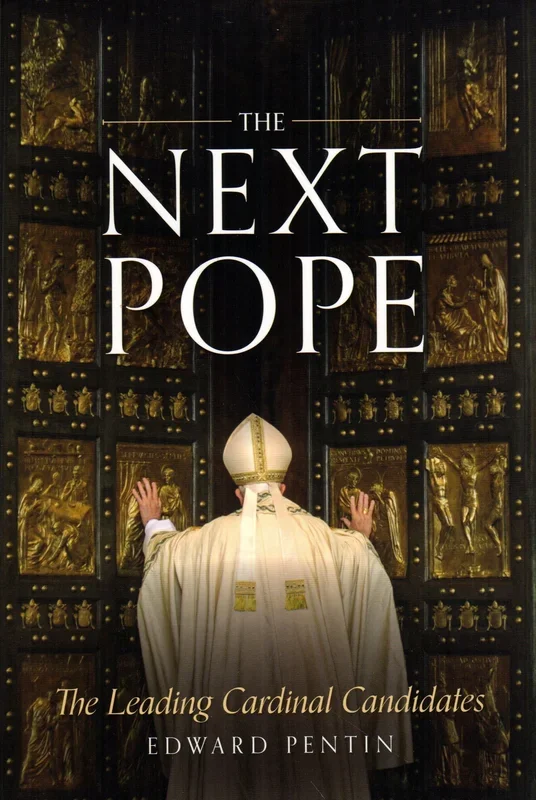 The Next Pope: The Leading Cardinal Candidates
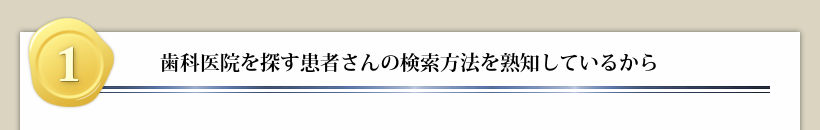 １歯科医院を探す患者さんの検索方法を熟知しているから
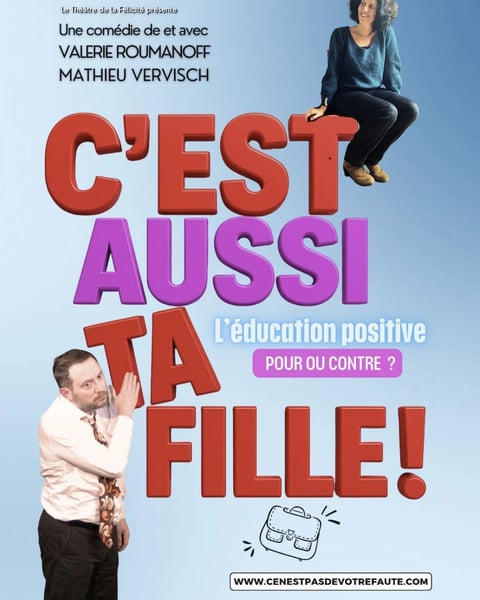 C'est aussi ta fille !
...
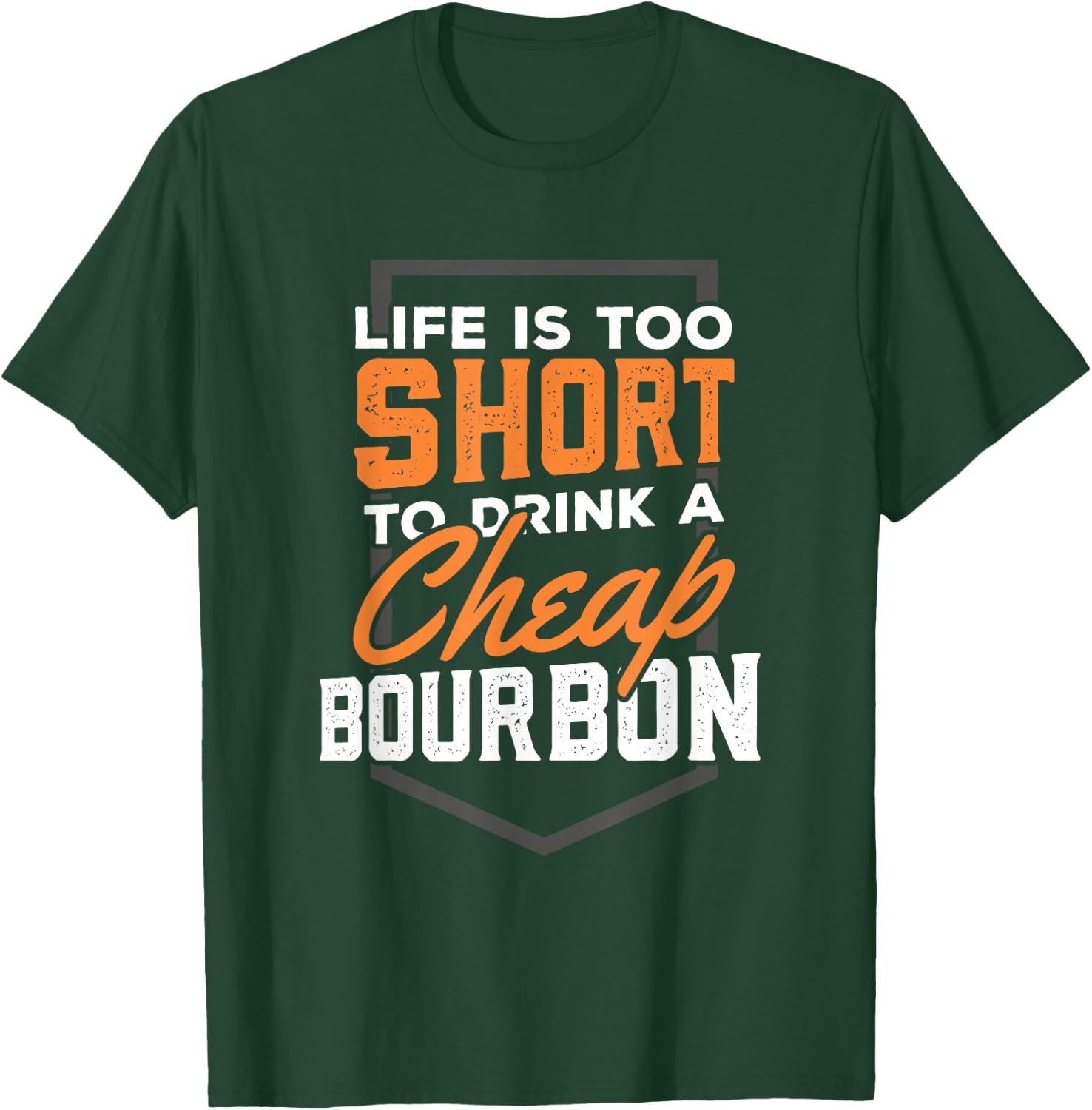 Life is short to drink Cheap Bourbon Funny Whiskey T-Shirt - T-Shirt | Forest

ASSIGNMENT
Reproduce the data above exactly, but only from the line containing "１歯科医院を探す患者さんの検索方法を熟知しているから" through the line containing "C'est aussi ta fille !". Omit all pictures.

WRITTEN REPLY
 １歯科医院を探す患者さんの検索方法を熟知しているから
 C'est aussi ta fille !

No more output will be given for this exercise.